I've noticed that the closer our family stays in touch with the earth and natural rhythms the happier and more fulfilled we are.

We make a lot of things for ourselves rather than buy. When we do buy we try to find it second hand. Occasionally, we barter. Freecycle is also a source. We grow some (I wish all) of our food.


----------



## goldenwillow (Jan 5, 2010)

Funny to see this post today....
I too understand what you are talking about. I generally don't worry about it because we have everything that we need. We grow most of our own food, thrift shop (just got back in with some great scores!) and make ends meet. The only time I get in my head (like this afternoon) is when I see a woman whom "looks-high maintenance" and very beautiful (in most societies thoughts) and wonder if my natural look is good enough. I feel beautiful the way I am (most days) and know that is all I need. Still..... gets me sometimes.


----------



## DaughterOfKali (Jul 15, 2007)

shyly raises hand and says "Here".


----------



## melon (Sep 16, 2008)

we're pretty broke and live in a middle-upper class neighborhood. We bought the house 2 years ago before it went into foreclosure. It was a mess, and still is pretty messy. My DH works a LOT of hours, and we have a 1 yr old, so our property is not as well maintained as it should be. We are surrounded by perfectly landscaped and maintained homes and properties. Our neighbors are mostly older than us, like our parents' age.

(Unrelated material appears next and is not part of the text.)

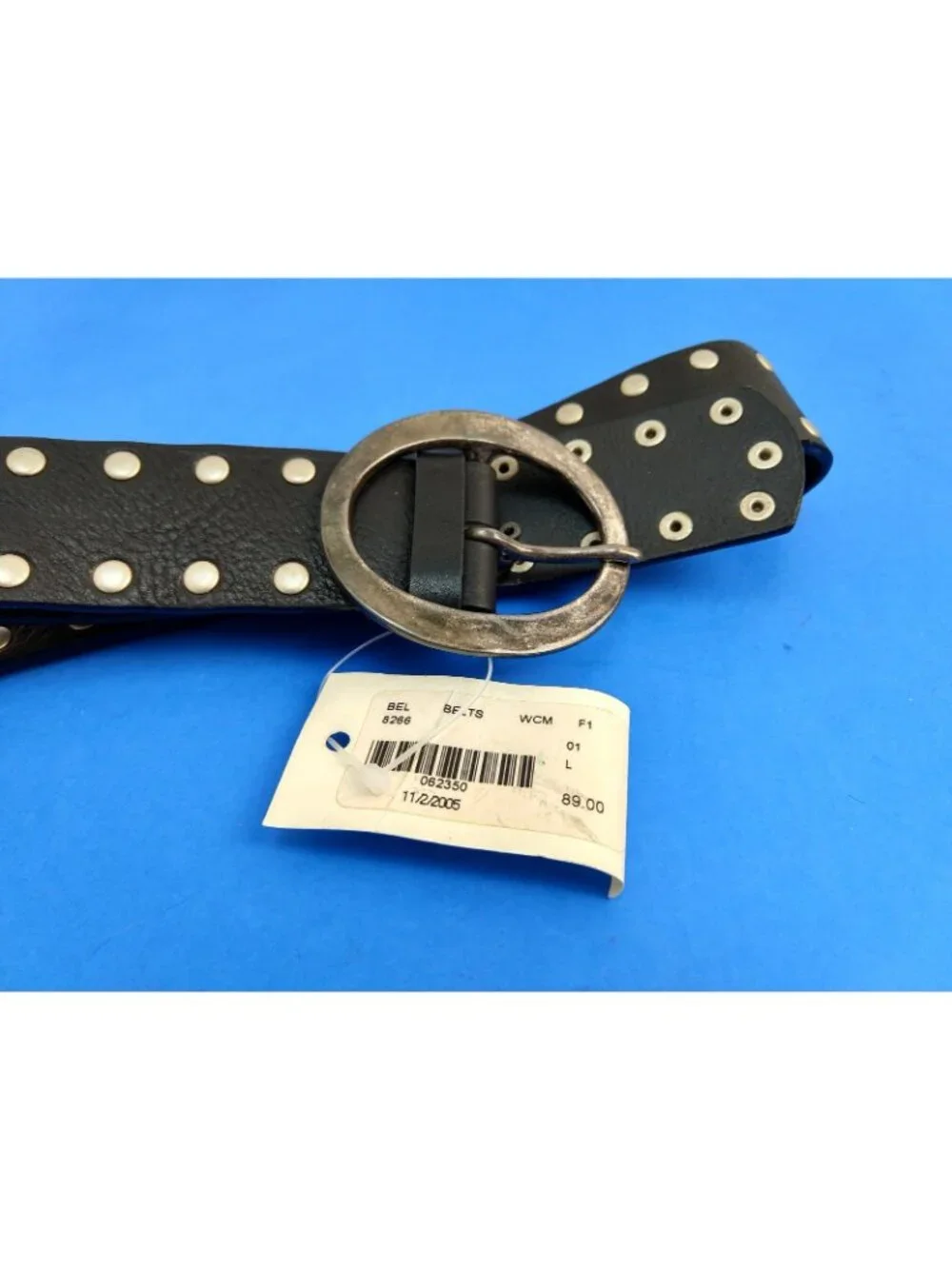 Women's Genuine Leather WCM New York Studded Rivet Belt NWT Size Large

Some of them are really nasty, to the point of calling the town 3 different times to complain that our pool is breeding mosquitos. (it's not--it's just a dirty work in progress because the previous owners didn't take care of it.) How unneighborly is it to call the town before asking us about it?!
Mostly it doesn't bother me, but it would be nice to be friendly with the neighbors.


----------



## melon (Sep 16, 2008)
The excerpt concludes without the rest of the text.